The first two sentences of the Preface of a book titled "Aryan and Non-Aryan in India":
"The history and mechanisms of the convergence of ancient Aryan and non-Aryan cultures has been a subject of continuing fascination in many fields of Indology. The papers in this volume are the fruit of a conference on that topic held in December 1976 at the University of Michigan, Ann Arbor, under the auspices of the Center for South and Southeast Asia Studies....."
Aryan and Non-Aryan in India (Deshpande, et al.)
Additional information from Wikipedia:
"Indo-Aryan peoples refers to both the pastoralist Indo-European people migrating from Central Asia into South Asia in the second millennium BCE, introducing the Proto-Indo-Aryan language, as well as to contemporary Indo-European ethnolinguistic groups speaking modern Indo-Aryan languages, a subgroup of the Indo-European language family.
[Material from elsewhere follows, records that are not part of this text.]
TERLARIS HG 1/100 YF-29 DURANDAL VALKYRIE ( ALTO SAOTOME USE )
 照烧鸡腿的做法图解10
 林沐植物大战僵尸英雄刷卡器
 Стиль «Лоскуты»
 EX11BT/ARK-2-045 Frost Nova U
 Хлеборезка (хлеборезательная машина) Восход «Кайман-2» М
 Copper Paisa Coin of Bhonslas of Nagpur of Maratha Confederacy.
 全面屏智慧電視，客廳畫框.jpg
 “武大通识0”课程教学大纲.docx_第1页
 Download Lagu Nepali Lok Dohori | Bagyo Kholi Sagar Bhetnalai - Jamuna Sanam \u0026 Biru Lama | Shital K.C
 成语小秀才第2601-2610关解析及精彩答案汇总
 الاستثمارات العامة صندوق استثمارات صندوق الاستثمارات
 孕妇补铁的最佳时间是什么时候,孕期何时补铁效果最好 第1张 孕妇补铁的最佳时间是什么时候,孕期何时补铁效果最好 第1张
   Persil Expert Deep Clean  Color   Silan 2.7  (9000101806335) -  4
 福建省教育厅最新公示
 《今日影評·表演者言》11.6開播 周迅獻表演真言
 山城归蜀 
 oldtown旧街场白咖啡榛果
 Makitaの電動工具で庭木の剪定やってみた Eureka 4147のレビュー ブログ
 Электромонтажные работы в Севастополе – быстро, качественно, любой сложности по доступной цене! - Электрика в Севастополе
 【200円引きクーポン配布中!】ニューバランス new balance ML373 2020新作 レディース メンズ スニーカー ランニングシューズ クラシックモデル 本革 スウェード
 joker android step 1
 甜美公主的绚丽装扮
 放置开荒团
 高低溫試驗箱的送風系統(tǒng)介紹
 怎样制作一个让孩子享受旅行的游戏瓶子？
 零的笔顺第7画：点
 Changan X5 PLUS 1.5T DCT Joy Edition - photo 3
The introduction of the Indo-Aryan languages in the Indian subcontinent was the result of a migration of Indo-Aryan people from Central Asia into the northern Indian subcontinent (modern-day India, Nepal, Bhutan, Bangladesh, Pakistan and Sri Lanka). These migrations started approximately 1,800 BCE, after the invention of the war chariot, and also brought Indo-Aryan languages into the Levant and possibly Inner Asia.
The Proto-Indo-Iranians, from which the Indo-Aryans developed, are identified with the Sintashta culture (2100–1800 BCE), and the Andronovo culture, which flourished ca. 1800–1400 BCE in the steppes around the Aral sea, present-day Kazakhstan, Uzbekistan and Turkmenistan. The proto-Indo-Aryan split off around 1800–1600 BCE from the Iranians, moved south through the Bactria-Margiana Culture, south of the Andronovo culture, borrowing some of their distinctive religious beliefs and practices from the BMAC, and then migrated further south into the Levant and north-western India. The migration of the Indo-Aryans was part of the larger diffusion of Indo-European languages from the Proto-Indo-European homeland at the Pontic steppe which started in the 4th millennia BCE. The GGC, Cemetery H, Copper Hoard, OCP and PGW cultures are candidates for cultures associated with Indo-Aryans.
The Indo-Aryans were united by shared cultural norms and language, referred to as aryā, "noble." Diffusion of this culture and language took place by patron-client systems, which allowed for the absorption and acculturalisation of other groups into this culture, and explains the strong influence on other cultures with which it interacted."